Satanic Temple’s holiday display coming back to Illinois Capitol rotunda

Satanic Temple's holiday display coming back to Illinois Capitol rotunda

The Illinois State Capitol rotunda will feature a controversial holiday art display from The Satanic Temple that will stand alongside other religious exhibitions.

This year’s installment, the third for the organization, will feature the satanic figure Baphomet depicted as a baby to celebrate the holiday Sol Invictus, The State Journal-Register reported.

The display was designed by Albuquerque horror artist Chris P. Andres.

The Satanic Temple is less of a true religious group in the traditional sense than it is a social activist organization that is an outspoken supporter of women’s reproductive rights, the separation of church and state and several other social justice issues.

According to the organization’s website, Sol Invictus is a “celebration of being unconquered by superstition and consistent in the pursuit of sharing knowledge,” and has its origins in the cult of Sol in pre-Christian Rome.

“This year’s tradition marks a greater urgency in the Baphomet’s message of harmony and reconciliation,”  Satanic Temple’s Director of Campaign Operations Erin Helian said in a statement, obtained by the State Journal-Register.

The display will be installed at 1 p.m. at the rotunda in Springfield on Monday, overseen by members of the congregation.

The display has been a source of controversy with local Christian leaders.
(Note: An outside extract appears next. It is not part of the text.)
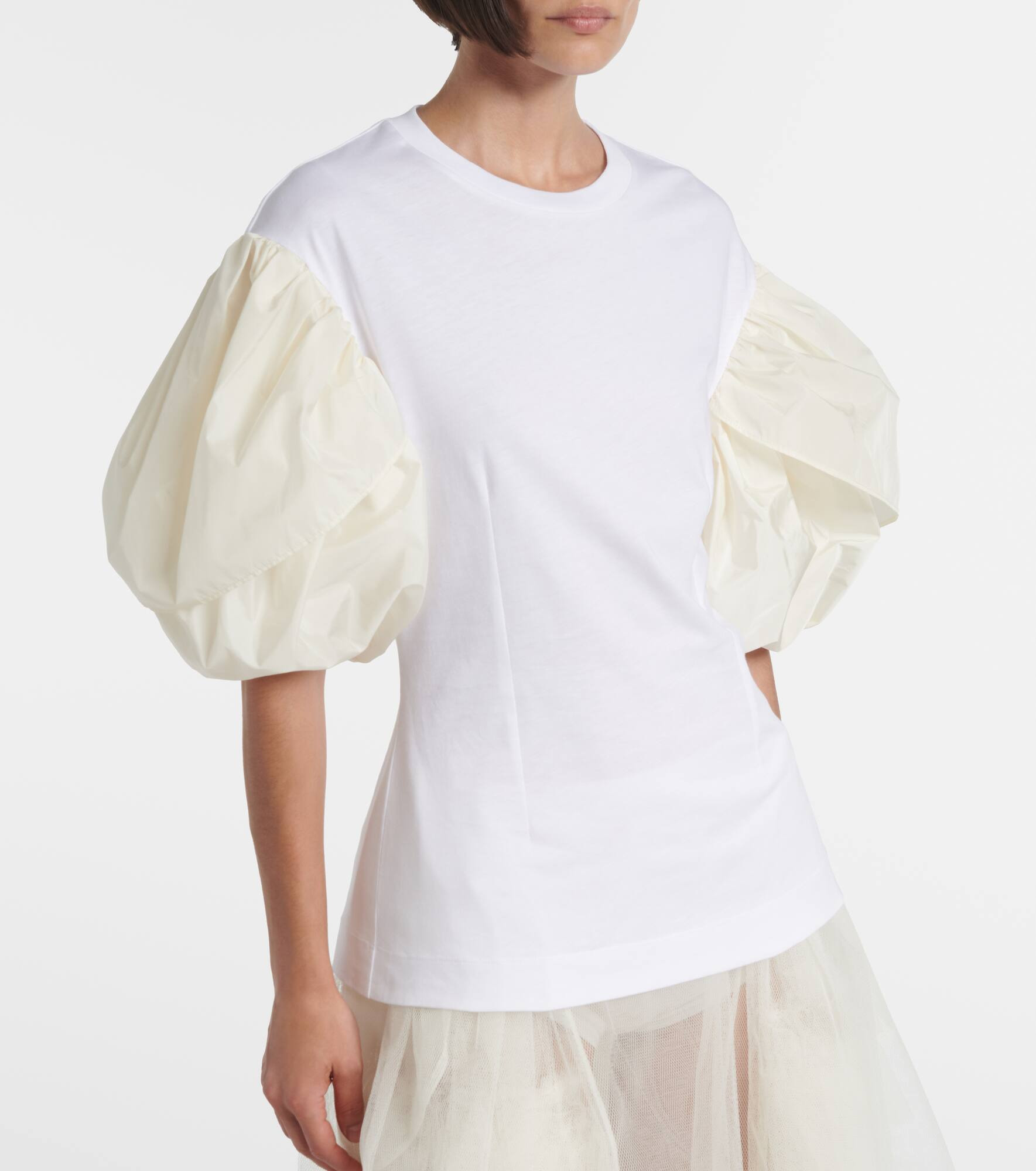Puff-sleeve cotton jersey T-shirt - 5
A nativity scene was installed at the rotunda recently at an event sponsored by the Diocese of Springfield, where Bishop Thomas Paprocki said the Satanic Temple’s displays “should have no place in this Capitol or any other place,” according to the State-Journal Register.
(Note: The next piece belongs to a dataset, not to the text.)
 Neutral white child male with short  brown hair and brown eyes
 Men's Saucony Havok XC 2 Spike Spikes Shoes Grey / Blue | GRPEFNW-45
“Mocking the millions of Christians in the state of Illinois and billions around the world by depicting the baby Jesus this Christmas with the ‘satanic deity’ Baphomet is the very definition of evil and causing division, but that is to be expected from an organization that is in existence to troll people of faith,” said Andrew Hansen, a spokesperson for the diocese told The State-Journal Register.

The Satanic Temple extended its invitation to the Bishop “to hold hands with members of The Satanic Temple while we come together and stand before all of the religious displays at the rotunda,” Helian wrote.

However, he will not be attending.

“Bishop Paprocki declines the invitation to associate with evil and urges all people of true religious faith to shun the devil,” Hansen told the paper.

Lucien Greaves, co-founder of The Satanic Temple, criticized the Bishop’s attitude as lacking a sense of “unity.”

“Our real message is to reestablish pluralism,” Greaves told the Journal-Register. “It doesn’t mean that people with opposing viewpoints have to be in conflict.”  

The Satanic Temple’s first holiday installation at the rotunda was in 2018, followed by another installation in 2019 called “Knowledge is the Greatest Gift,” which featured the forearm of the biblical Eve beside an apple and snake.